Sigorta sektörü için sağladığı trilyon TL’lik teminatlar ile gerek bireylerin gerekse Türkiye Ekonomisi’nin garantisi diyebiliriz. Sigorta hayatımızın her alanında var. Sektörün slogan söylemlerindendir, “Sigorta olmasa uçak bile kalkamaz.” Doğru, gerçekten de ‘Sigortasız olmaz’. Özel sigortalar gelişmiş ülkelerde devletin üzerinden yükü alan bir sistemdir. Ama gelişmekte olan ülkelerde ne yazık ki hâlâ “Devlet baba”ya sırtımızı dayama alışkanlığı var. Tabii ki Devlet Baba vatandaşın zor gününde yanında olacak, kabul. Ama üzerine düşen sorumluluklara alternatif olarak sigorta garantisi de varken orayı teşvik etmek daha kolay değil mi?

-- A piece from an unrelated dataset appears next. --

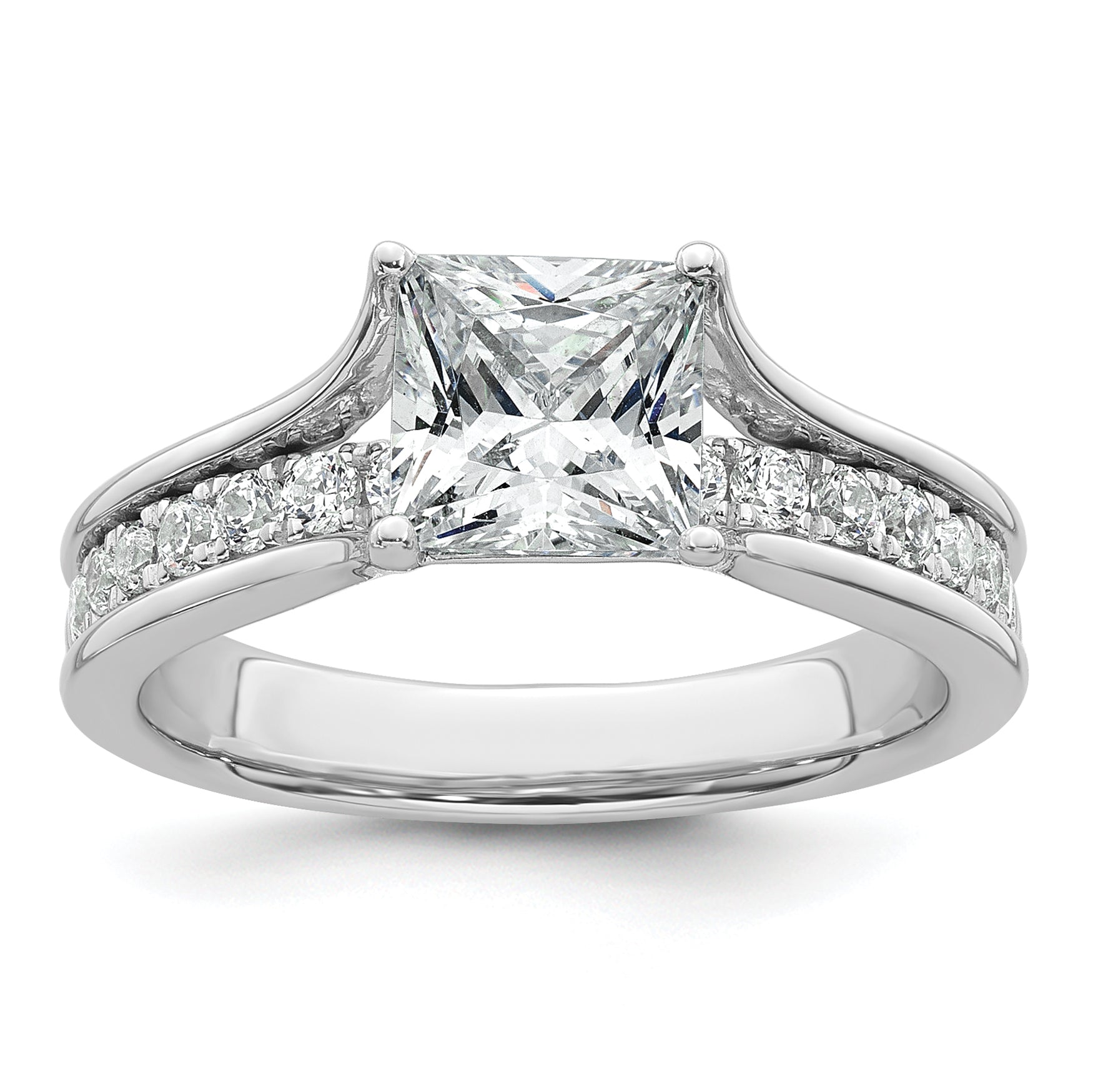 14k White Gold 1 7/8 carat Certified Lab Grown Diamond VS+ F+ Princess Complete Engagement Ring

Sigorta şirketleri neredeyse ağızları ile kuş tutuyorlar ama hâlâ güvenirlilikleri tartışılıyor. Sporun her alanına bakın sigorta şirketlerinin katkılarını daha iyi görüyorsunuz. Çevre bilinci konusunda da sigorta şirketleri hazırladıkları birçok proje ile sorumluluk üstlenmiş durumdalar. Gençlere ufuk açmak için onların yanındalar. Daha saymakla bitmeyecek katkıları ile yaşamımızın her alanında varlar.
Geçtiğimiz günlerde Hazine ve Maliye Bakanı Sayın Lütfü Elvan, TSB’nin Genel Kurulu’na bir video ile katıldı. Sektöre güven ve cesaret veren söylemleri oldu. Ben de sektörü takip eden bir gazeteci olarak Sayın Bakanın ilgisinden mutlu oldum. Fakat sigorta ile ilgili konuştukça konu hep BES sistemine geliyor. Bireysel Emeklilik Sistemi, yarattığı fon nedeniyle her dönem Devleti yönetenlerin odak noktası oldu.

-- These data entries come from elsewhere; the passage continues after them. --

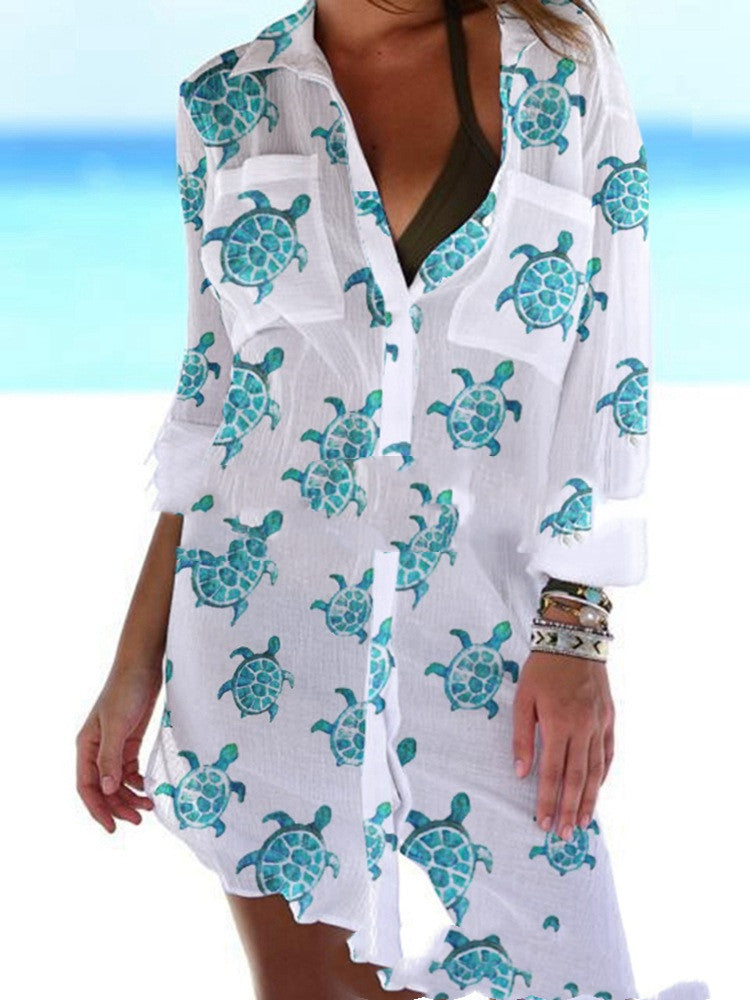 Beach Turtle Long Shirt Dress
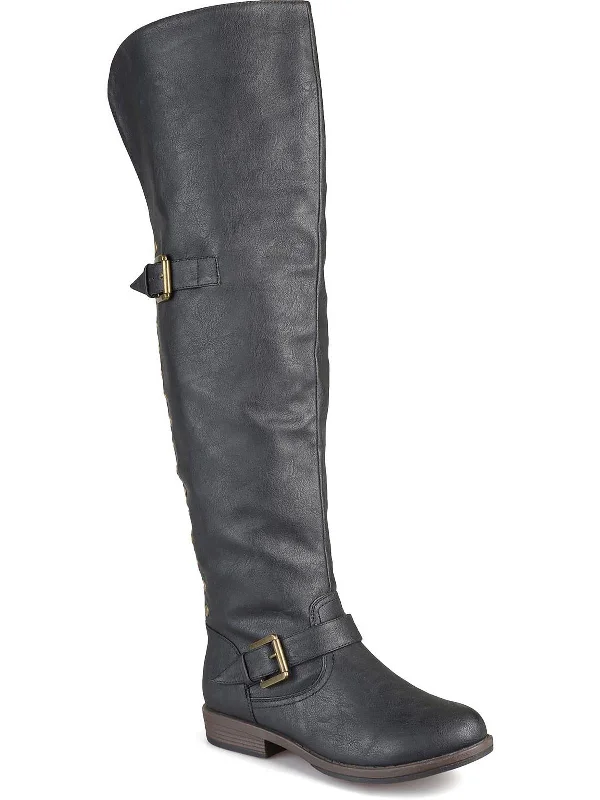 Womens Faux Leather Buckle Over-The-Knee Boots Rubber - Sole Plimsoll Look  
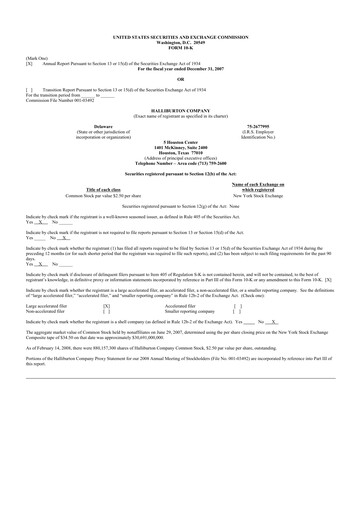 Thumbnail Halliburton 10-K Annual Report 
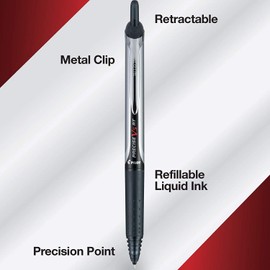 Pilot, Precise V5 RT Refillable & Retractable Rolling Ball Pens, Extra Fine Point 0.5 mm, Black, Pack of 12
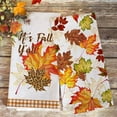 thumbnail image 4 of It‘s Fall Y‘All Maple Leaves Kitchen Dish Towel Set of 2, Watercolor Thanksgiving Leopard Leaf Fingertip Towel Hand Drying Baking Cooking Cloth, Autumn Seasonal Home Farmhouse Decoration 18x26, 4 of 6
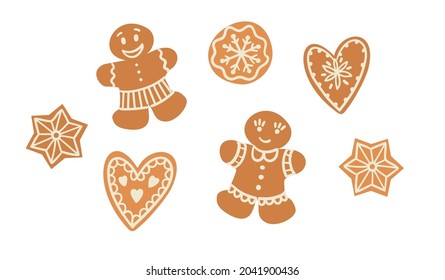 Set of Christmas gingerbread. Vector illustration. Design elements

Devletin bu sisteme dünyada eşi olmayan bir katkısı da var. Sonrasında ekonomik çalkantılarda reel sektör için önemli olan Alacak Sigortası, Kefalet Sigortası, Bina Tamamlama Sigortası ve çiftçilerimizin güvencesi Tarım Sigortaları gibi konular var. Ve tabii ki DASK var.
SEKTÖRÜN TANITIMA İHTİYACI VAR
Hazine ve Maliye Bakanı Sayın Lütfü Elvan konuşmasında, “Tanıtıma önem verin, sigorta bilincini toplumda yaygınlaştırmaya çalışın” mesajıyla tamamladı. Sigorta şirketleri olabildiğince bu konuda çaba sarf ediyor. Bu benim görüşüm. Daha fazlası olur mu? Elbet olur. Bu konuda bir çaba da var.

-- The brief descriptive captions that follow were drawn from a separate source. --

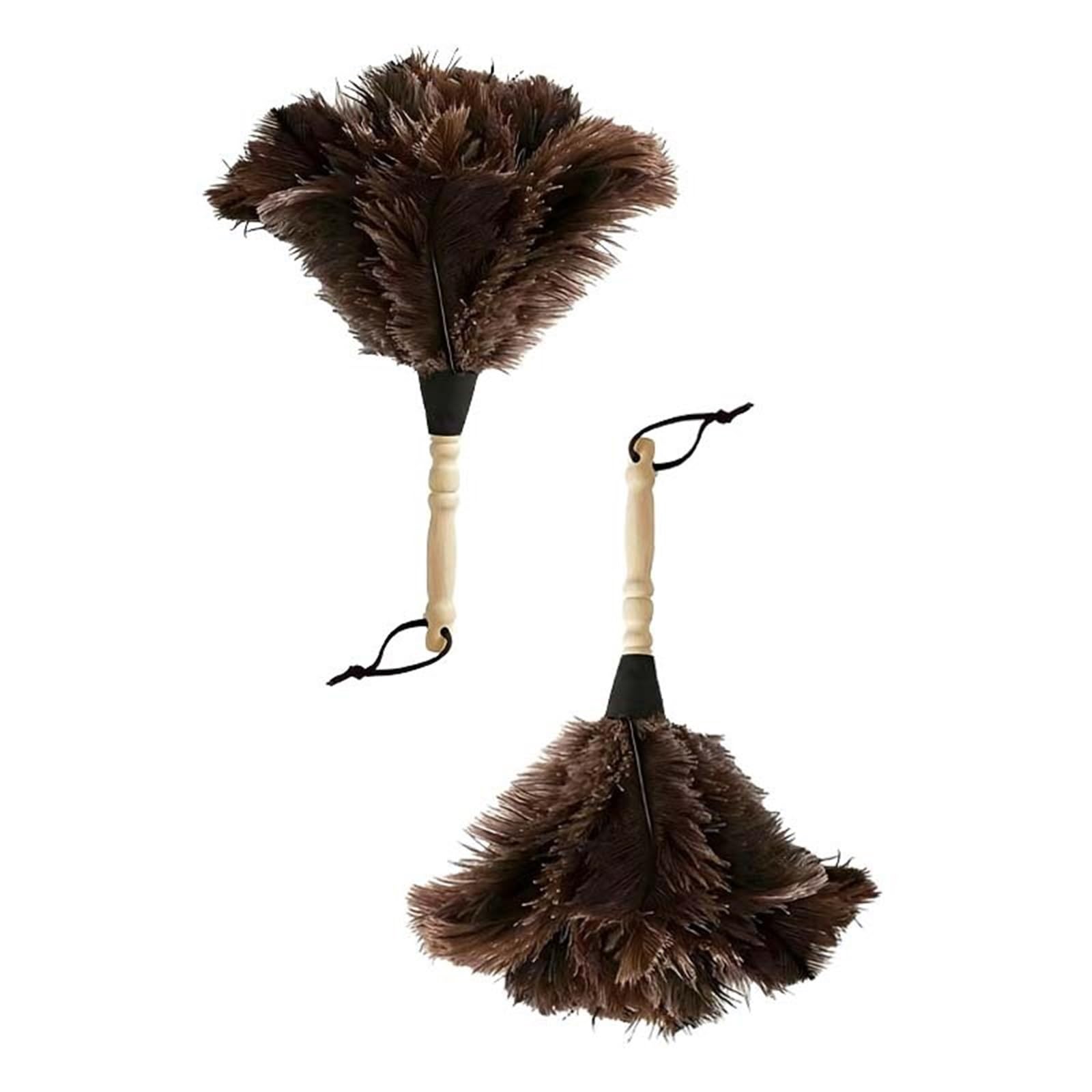 Duster Natural Ostrich Feather Duster Wooden Handle Anti Static Dusting Tool for Bedroom Furniture Bookshelf Car Daily Cleaning(2 PCS)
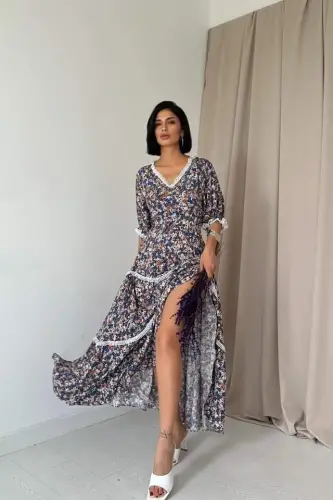 Embroidered Dress with Patterned Open Back - BÜYÜKBEDENIZ (1)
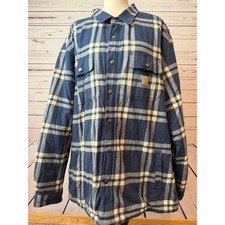 Carhartt Shirt Jacket 3XL Mens Shacket Plaid Sherpa Lined Flannel TJ4452-M 3X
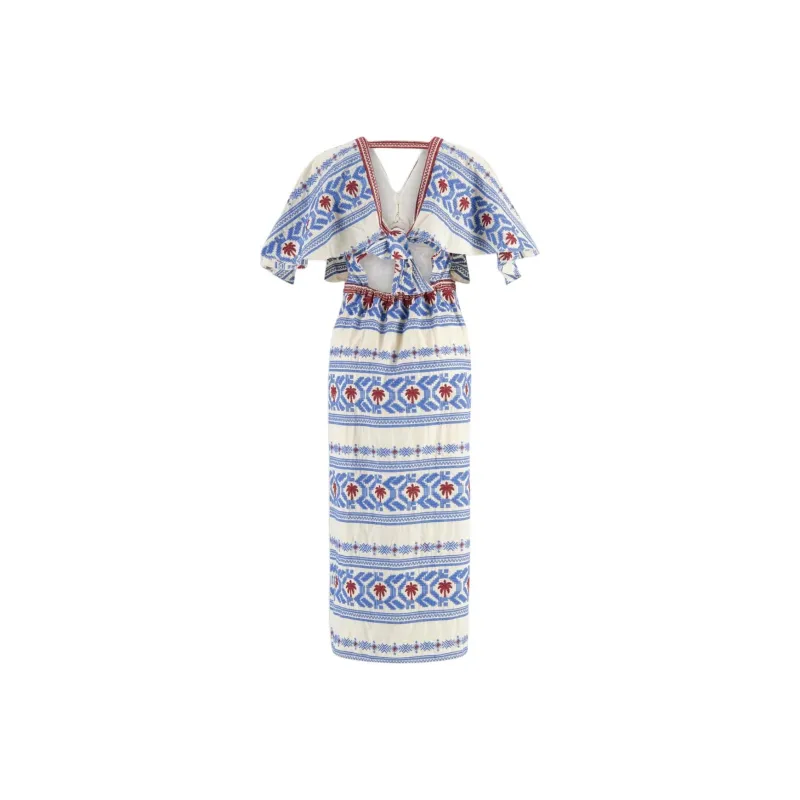 Johanna Ortiz Silver Tears Embroidered Cotton Midi Dress-1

Sayın Bakanımız ve yardımcıları, deprem, fırtına, sel, yangın sonrası basına verdikleri demeçleri arasında vatandaşlara, “Devletimiz tüm mağdurların yanında olacak” kısmına ek olarak; “Devlet olarak imkânlarımız kısıtlı, sizler aynı zamanda özel sigortalar ile ilgili güvencenizi oluşturun” dese çok daha iyi bir bilinçlendirme olmaz mı?
Diyeceksiniz ki, “Vatandaş bu ekonomik sıkıntılarla uğraşırken nasıl sigorta yaptırsın?” Sigorta ile güvence oluşturmak hiç pahalı değil, ama bu tür mesajlarla yaygınlaştırıldıkça da primlerin çok düşeceğini ayrıca belirtmek isterim.